# SQLRite arXiv Paper Draft
This directory contains the current arXiv-oriented manuscript for SQLRite.
## Primary files
| `main.tex` | primary LaTeX manuscript |
| `references.bib` | bibliography |
| `build.sh` | local build wrapper |
| `embedded_competitive_snapshot.json` | current embedded benchmark snapshot used in the paper |
| `embedded_competitive_snapshot.md` | human-readable summary of the embedded benchmark snapshot |
| `public_dataset_results.json` | refreshed BEIR/SciFact benchmark results |
| `public_dataset_results.md` | human-readable summary of the public benchmark |
| `run_public_dataset_eval.py` | reproducible public benchmark harness |
| `submission_notes.md` | submission guidance |
## Current paper framing
The current manuscript is a systems-and-practice paper centered on SQLRite's embedded-first use case.

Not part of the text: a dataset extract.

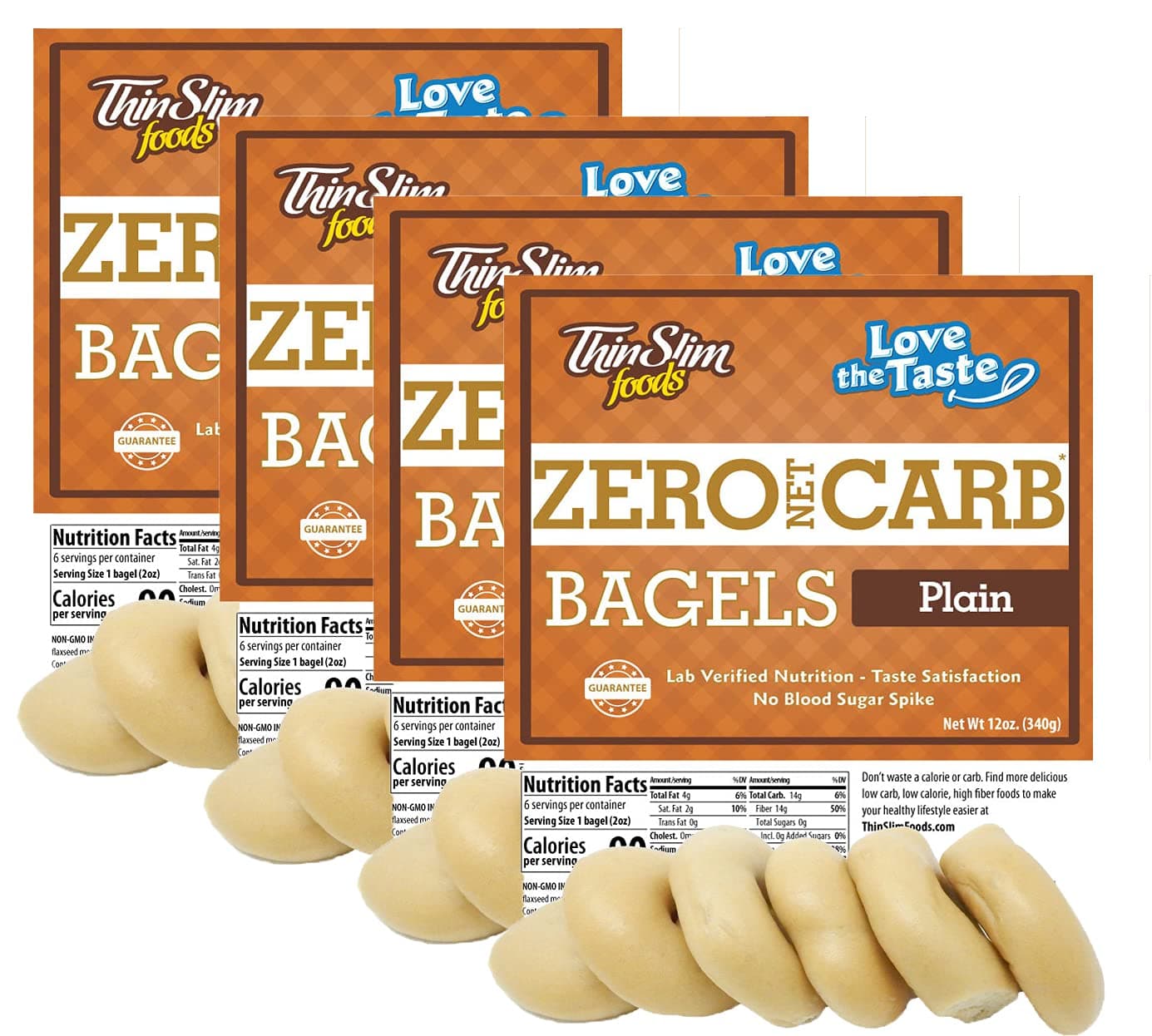 Keto Food Bagels | Keto Bread or Keto Snack Breakfast Alternative | Low Carb Plain, 4 Pack (6 Diet Bagels Per Keto Friendly Food Pack)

It makes three claims only:
- SQLRite is designed first for embedded local-first retrieval.
- SQLRite is currently strong on the repository's deterministic filtered embedded benchmark.
- SQLRite's hybrid retrieval path shows a meaningful quality win on the refreshed SciFact benchmark.
It does **not** claim universal dominance across all vector databases, deployment models, or workloads.
## Evidence used by the current draft
### Embedded benchmark snapshot
Source files:
- `embedded_competitive_snapshot.json`
- `embedded_competitive_snapshot.md`
This snapshot is the product-facing filtered cosine workload currently cited by the main repository docs.
### Public benchmark
Source files:
- `public_dataset_results.json`
- `public_dataset_results.md`
- `run_public_dataset_eval.py`
This benchmark uses BEIR/SciFact with deterministic hashed embeddings so it can be rerun locally.
## Build
```bash
cd /Users/jameskaranja/Developer/projects/SQLRight/papers/sqlrite_arxiv
./build.sh
```
`build.sh` prefers `tectonic`, then `latexmk`, then `pdflatex` + `bibtex`.
## Refresh the public benchmark
```bash
cd /Users/jameskaranja/Developer/projects/SQLRight
source papers/sqlrite_arxiv/.venv/bin/activate
papers/sqlrite_arxiv/run_public_dataset_eval.py \
--max-queries 100 \
--embedding-dim 128 \
--top-k 10 \
--warmup 10
```
## Notes
- `run_competitive_eval.py` remains in the paper folder as an auxiliary localhost harness, but the current manuscript is primarily grounded in `embedded_competitive_snapshot.*` and the refreshed public benchmark.
- If the paper is revised again, the most valuable next step is adding one more public dataset and one more hardware class.